CDIDX=/root/.local/bin/cdidx
mkdir -p /tmp/dogfood/cs-readonly-prop
cat > /tmp/dogfood/cs-readonly-prop/R.cs <<'EOF'
namespace Demo;

public struct S
{
    private int _v;

    // 1) readonly + expression-bodied property — DROPPED
    public readonly int A => _v;

    // 2) readonly + auto-property (same-line brace) — DROPPED
    public readonly int B { get; }

    // 3) readonly + expression-bodied accessor — DROPPED
    public readonly int C { get => _v; }

    // 4) Allman-style Mixed (dropped by #229) …
    public int Mixed
    {
        // 5) … but the accessor line here surfaces as a PHANTOM `property get`.
        readonly get => _v;
        set => _v = value;
    }

    // Baselines — captured:
    public int D { get; set; }                    // plain auto-property
    public readonly int GetD() => D;              // readonly method (captured)
    public readonly int Sum(int x) => _v + x;     // readonly method with args (captured)
}
EOF
"$CDIDX" index /tmp/dogfood/cs-readonly-prop --rebuild >/dev/null
"$CDIDX" symbols --db /tmp/dogfood/cs-readonly-prop/.cdidx/codeindex.db --path R.cs

Observed (actual):

function   GetD            R.cs:27
property   D               R.cs:26
function   Sum             R.cs:28
property   get             R.cs:20    ← PHANTOM: from `readonly get => _v;`
struct     S               R.cs:3-29
namespace  Demo            R.cs:1

Missing:

Extra:

  • property get (L20) — phantom, should not exist.

Downstream effects:

  • definition A / B / C all return No symbols found. on any readonly struct / readonly ref struct codebase that uses explicit readonly markers on properties.
  • outline of a file like System.Numerics.Vector<T> (heavy with readonly properties) lists ~30–50% of its property surface.
  • symbols --kind property --count on System.Span<T> / ReadOnlySpan<T> / Memory<T> / any performance-oriented library that prefers readonly struct undercounts by the number of explicit-readonly properties.
  • symbols get --exact returns phantom matches on any file that uses the readonly get => … accessor modifier.
  • inspect get can suggest that "get" is a member of the surrounding struct, polluting AI navigation.

Suspected root cause (from reading the source)

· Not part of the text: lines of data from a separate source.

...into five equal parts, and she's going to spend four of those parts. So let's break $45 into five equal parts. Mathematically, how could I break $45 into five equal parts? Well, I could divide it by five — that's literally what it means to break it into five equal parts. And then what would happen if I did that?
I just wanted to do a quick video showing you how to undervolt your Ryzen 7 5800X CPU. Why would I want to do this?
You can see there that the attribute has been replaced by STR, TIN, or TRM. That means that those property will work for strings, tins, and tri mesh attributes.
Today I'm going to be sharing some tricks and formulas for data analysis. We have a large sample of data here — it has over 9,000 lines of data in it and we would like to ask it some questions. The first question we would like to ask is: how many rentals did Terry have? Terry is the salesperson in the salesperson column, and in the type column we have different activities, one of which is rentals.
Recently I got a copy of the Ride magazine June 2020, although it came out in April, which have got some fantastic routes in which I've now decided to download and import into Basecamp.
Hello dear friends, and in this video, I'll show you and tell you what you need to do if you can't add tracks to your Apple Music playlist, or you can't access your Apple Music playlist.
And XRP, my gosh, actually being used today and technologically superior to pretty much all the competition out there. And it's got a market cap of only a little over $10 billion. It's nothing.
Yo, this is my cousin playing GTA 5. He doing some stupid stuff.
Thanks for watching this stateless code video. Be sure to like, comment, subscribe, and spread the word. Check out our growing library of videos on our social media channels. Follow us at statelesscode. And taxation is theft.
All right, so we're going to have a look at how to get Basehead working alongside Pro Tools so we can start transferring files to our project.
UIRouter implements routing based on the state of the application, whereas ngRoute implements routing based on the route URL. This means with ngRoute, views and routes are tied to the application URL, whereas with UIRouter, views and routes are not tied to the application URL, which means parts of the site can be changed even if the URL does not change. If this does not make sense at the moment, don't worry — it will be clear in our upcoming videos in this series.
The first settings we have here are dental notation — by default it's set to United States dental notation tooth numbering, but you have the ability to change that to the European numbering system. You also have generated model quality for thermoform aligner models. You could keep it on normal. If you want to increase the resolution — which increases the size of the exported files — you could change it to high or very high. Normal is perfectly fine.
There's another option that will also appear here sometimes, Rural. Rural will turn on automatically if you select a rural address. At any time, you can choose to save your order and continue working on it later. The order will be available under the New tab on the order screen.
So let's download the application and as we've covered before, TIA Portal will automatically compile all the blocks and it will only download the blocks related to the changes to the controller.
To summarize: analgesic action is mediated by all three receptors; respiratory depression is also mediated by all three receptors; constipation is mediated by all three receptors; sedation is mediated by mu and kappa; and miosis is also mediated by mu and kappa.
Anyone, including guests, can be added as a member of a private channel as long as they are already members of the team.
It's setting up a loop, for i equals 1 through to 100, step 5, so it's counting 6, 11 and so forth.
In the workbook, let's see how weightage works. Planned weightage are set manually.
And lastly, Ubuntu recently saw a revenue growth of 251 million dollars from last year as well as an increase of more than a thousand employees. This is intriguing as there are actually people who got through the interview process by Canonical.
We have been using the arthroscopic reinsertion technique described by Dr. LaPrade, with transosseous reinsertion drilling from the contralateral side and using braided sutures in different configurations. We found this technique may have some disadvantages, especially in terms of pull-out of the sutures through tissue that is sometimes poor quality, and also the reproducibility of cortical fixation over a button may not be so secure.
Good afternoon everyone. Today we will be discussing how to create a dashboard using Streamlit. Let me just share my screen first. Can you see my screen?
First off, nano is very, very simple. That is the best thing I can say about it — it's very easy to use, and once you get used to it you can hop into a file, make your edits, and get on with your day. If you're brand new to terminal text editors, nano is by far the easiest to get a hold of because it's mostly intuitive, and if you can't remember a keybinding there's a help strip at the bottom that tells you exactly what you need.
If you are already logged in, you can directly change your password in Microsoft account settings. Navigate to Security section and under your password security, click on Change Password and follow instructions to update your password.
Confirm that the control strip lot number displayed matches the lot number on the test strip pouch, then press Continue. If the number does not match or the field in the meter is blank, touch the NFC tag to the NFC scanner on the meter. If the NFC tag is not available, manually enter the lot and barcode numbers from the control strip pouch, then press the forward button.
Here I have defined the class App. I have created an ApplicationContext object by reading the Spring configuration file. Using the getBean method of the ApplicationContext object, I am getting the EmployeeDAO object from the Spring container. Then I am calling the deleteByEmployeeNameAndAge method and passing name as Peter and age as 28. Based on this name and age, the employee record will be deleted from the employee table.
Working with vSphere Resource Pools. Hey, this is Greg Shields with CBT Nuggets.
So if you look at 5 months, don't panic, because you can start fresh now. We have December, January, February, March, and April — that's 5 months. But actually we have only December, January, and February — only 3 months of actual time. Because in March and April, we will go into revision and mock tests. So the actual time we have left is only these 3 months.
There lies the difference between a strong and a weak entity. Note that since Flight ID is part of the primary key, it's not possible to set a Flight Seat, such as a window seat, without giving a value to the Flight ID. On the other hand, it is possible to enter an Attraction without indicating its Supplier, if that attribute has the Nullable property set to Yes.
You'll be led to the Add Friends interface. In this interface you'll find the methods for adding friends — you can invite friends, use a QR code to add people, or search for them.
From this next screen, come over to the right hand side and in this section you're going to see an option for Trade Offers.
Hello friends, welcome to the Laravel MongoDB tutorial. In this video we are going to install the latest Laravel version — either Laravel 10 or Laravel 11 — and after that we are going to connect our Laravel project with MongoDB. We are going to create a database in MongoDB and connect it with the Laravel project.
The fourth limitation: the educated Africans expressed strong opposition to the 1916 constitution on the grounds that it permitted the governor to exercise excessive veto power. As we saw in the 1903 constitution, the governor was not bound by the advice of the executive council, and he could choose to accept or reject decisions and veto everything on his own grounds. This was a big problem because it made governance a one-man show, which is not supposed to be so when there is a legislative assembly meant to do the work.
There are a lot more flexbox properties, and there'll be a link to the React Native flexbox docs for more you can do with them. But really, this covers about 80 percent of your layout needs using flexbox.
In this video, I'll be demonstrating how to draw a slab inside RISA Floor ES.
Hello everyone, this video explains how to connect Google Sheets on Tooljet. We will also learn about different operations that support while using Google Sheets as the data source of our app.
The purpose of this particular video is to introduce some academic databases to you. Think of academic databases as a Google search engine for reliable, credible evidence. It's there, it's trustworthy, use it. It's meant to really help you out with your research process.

src/CodeIndex/Indexer/SymbolExtractor.cs:100 — property with get/set/init:

new("property",  new Regex(
    @"^\s*(?:(?<visibility>public|private|protected\s+internal|private\s+protected|protected|internal)\s+)?"
  + @"(?:(?:static|virtual|override|abstract|sealed|new|required)\s+)*"
  + @"(?<returnType>(?:global::)?[\w?.<>\[\],:]+)\s+(?<name>\w+)\s*\{\s*(?:get|set|init)",
    RegexOptions.Compiled),
    BodyStyle.Brace, "visibility", "returnType"),

SymbolExtractor.cs:103 — expression-bodied property:

new("property",  new Regex(
    @"^\s*(?:(?<visibility>public|private|protected\s+internal|private\s+protected|protected|internal)\s+)?"
  + @"(?:(?:static|virtual|override|abstract|sealed|new|required)\s+)*"
  + @"(?<returnType>(?:global::)?[\w?.<>\[\],:]+)\s+(?<name>\w+)\s*=>\s*",
    RegexOptions.Compiled),
    BodyStyle.None, "visibility", "returnType"),

Both modifier alternations are static|virtual|override|abstract|sealed|new|required. Missing: readonly. Compare with the method regex at :94:

(?:(?:static|sealed|partial|readonly|unsafe|extern|virtual|override|abstract|async|new|file)\s+)*

readonly is there, which is exactly why public readonly int GetD() => D; at L27 of the repro is captured.

Effect 1 — dropped symbol

Walkthrough for public readonly int A => _v; against :103:

  • public → visibility matched.
  • modifier slot: readonly is not in the alternation → 0 modifiers consumed.
  • (?<returnType>[\w?.<>\[\],:]+) → matches readonly.
  • \s+(?<name>\w+) → matches int (name=int).
  • \s*=>\s* → expects => but finds A; match fails.

The whole line is rejected, no symbol produced.

Effect 2 — phantom symbol

Walkthrough for the accessor line readonly get => _v; against :103:

  • Leading whitespace eaten.
  • visibility: optional, not matched.
  • modifier slot: readonly not in the alternation → 0 modifiers consumed.
  • (?<returnType>[\w?.<>\[\],:]+) → matches readonly.
  • \s+(?<name>\w+) → matches get (name=get).
  • \s*=>\s* → matches =>.

Match succeeds; symbol recorded as property get. There is no containing-property gate, no "did we just see a { opening this member?" check, so the accessor line is taken to be a top-level property declaration all on its own.

Why both effects share one fix

Adding readonly to the modifier slot in both :100 and :103:

(?:(?:static|virtual|override|abstract|sealed|new|required|readonly)\s+)*

— for the phantom readonly get => _v; line, readonly is now consumed by the modifier slot, then (?<returnType>\w+) must match a non-empty returnType followed by \s+(?<name>\w+)\s*=>\s*. The remaining text is get => _v;, which has no name \s*=> shape (there is no second identifier between get and =>). Match fails; no phantom.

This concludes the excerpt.